It is known that p53-dependent regulation of p21 is critical for responding to DNA damage, and this property has been used to identify genotoxic substances by the method of the present invention based on the detection of changes in gene expression under the control of the p21 promoter.

In the construct used in the present invention, the transcriptional regulatory region p21 is covalently bound in the cis configuration to a gene for a determinable product, in this case DsRed.

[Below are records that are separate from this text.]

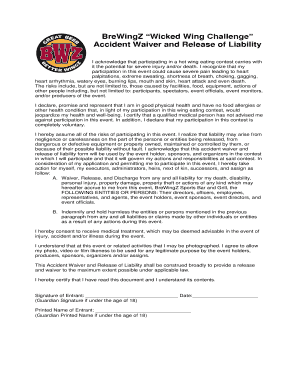BreWingZ Wicked Wing Challenge Accident Waiver and Release Form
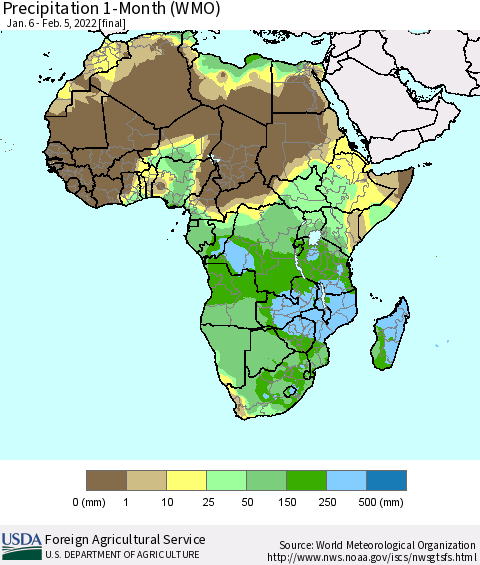 Africa Precipitation 1-Month (WMO) Thematic Map For 1/6/2022 - 2/5/2022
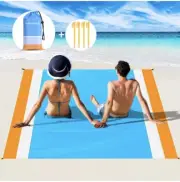 83"x 79" Oversized Beach Blanket Sand &Water Proof Ultra Light Easy Pack 6 Stake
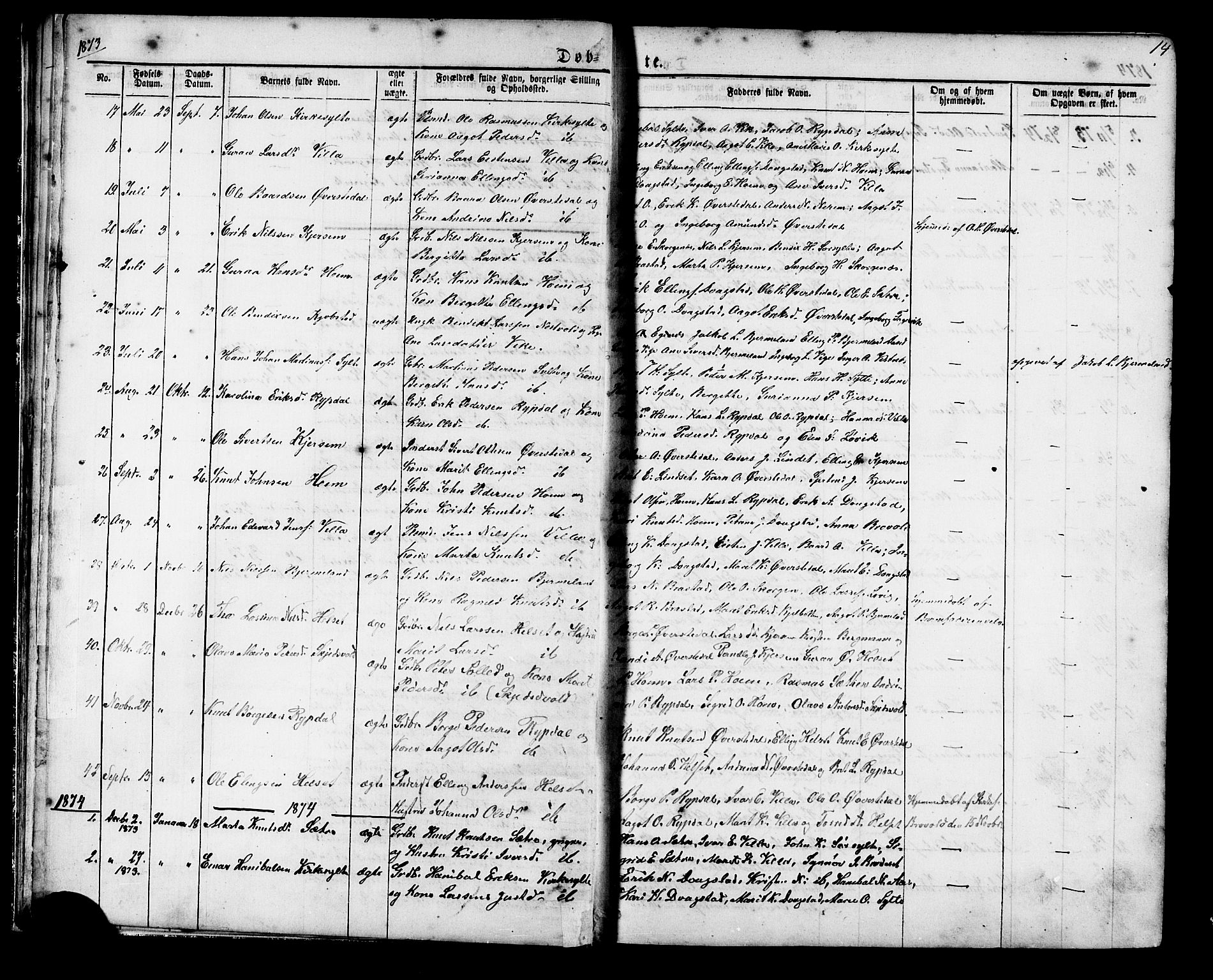 Ministerialprotokoller, klokkerbøker og fødselsregistre - Møre og Romsdal, AV/SAT-A-1454/541/L0547: Klokkerbok nr. 541C02, 1867-1921, s. 14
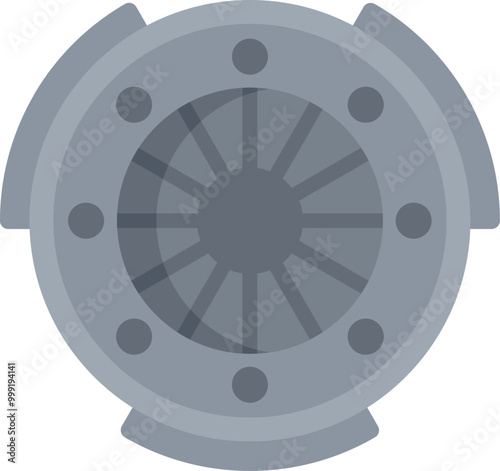 Car clutch disc plate showing the working parts of a clutch on a white background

The constructs that bind the p21 promoter to the reporter protein have already been described, for example, in US2002 / 142442, where they have been used for another purpose and have used another reporter protein; luciferase activity. The construct described in US2002 / 142442 was used to detect potential therapists who • would suppress tumor cell growth by activating p21 expression. However, we found that these constructs were not used to determine genotoxic effects.

Many reporter genes are known, such as for β-galactosidase, luciferase, chloramphenicol acetyl transferase, but all of these require a substrate to monitor their expression in the form of their activity. Therefore, an additional step is required when conducting tests with these reporters. Reporters based on fluorescent proteins such as green fluorescent protein (GFP) and its derivatives have the advantage that their expression can be measured and evaluated directly. However, GFP has been shown to have an emission spectrum in the wavelength range that coincides with the autofluorescence of many organic compounds. Therefore, when using these known constructs, the results may be too high or false positive. In contrast, the present invention used a fluorescent protein produced by Discosoma sp strains; DsRed encoded by pCLEF35. The variant is the DsRed2 protein, which contains a series of silent base pair substitutions and is suitable for achieving high expression in human cells. DsRed2 contains six amino acid substitutions: A105V, I161T, and S197A, which contribute to the faster occurrence of fluorescence in transfected cells and R2A, K5E, and K9T when they prevent protein aggregation.

The excitation maximum of DsRed is at 563 nm and the emission maximum at 582 nm, ie in the range of wavelengths that do not coincide with the autofluorescence of proteins. In contrast, the EGFP excitation peak at 395 and the second excitation peak at 457 and the emission peak at 510 nm.

The p21 promoter and the DsRed reporter protein gene are operatively linked so that the reporter protein is expressed under the control of the p21 promoter. They are linked covalently in the cis configuration.

We have found that the best results are obtained if the construct of the present invention is stably introduced into the genome of the hepatocyte cell line, especially HepG2. The stably transformed HepG2 cells containing the construct of the present invention produce a reliable result in a short time. Therefore, the use of a HepG2 cell line stably transformed with the p21-DsRed2 gene is preferably included.

The system is a cost-effective tool for the detection of genotoxic substances. The system can be used for high-throughput screening of chemicals to find those that cause DNA damage.

The present invention relates to a method that detects at least one genotoxic substance where the sample is incubated with the detection system described. The incubation time is long enough for expression of the reporter protein if

the sample is genotoxic and the upper limit is not critical. One advantage of the present invention is that reliable results are obtained with the system of the present invention within 24 hours and at the latest within 48 hours.

During incubation, the cell line is exposed to the test sample. If the sample causes DNA damage, it triggers a cascade of reactions regulated by activated p53. P53 activates the p21 promoter and, under the control of this promoter, a reporter protein is produced that produces a fluorescent signal.

Another advantage of using the system of the present invention is that the expression of the reporter protein occurs directly with DNA damage. Therefore, the system is more sensitive and accurate than other known systems. An expression cassette consisting of a DNA sequence encoding a DsRed2 reporter protein, the sequence of which is operatively linked to the human p21 promoter, is activated so that its expression is activated in response to DNA damage (Figure 1).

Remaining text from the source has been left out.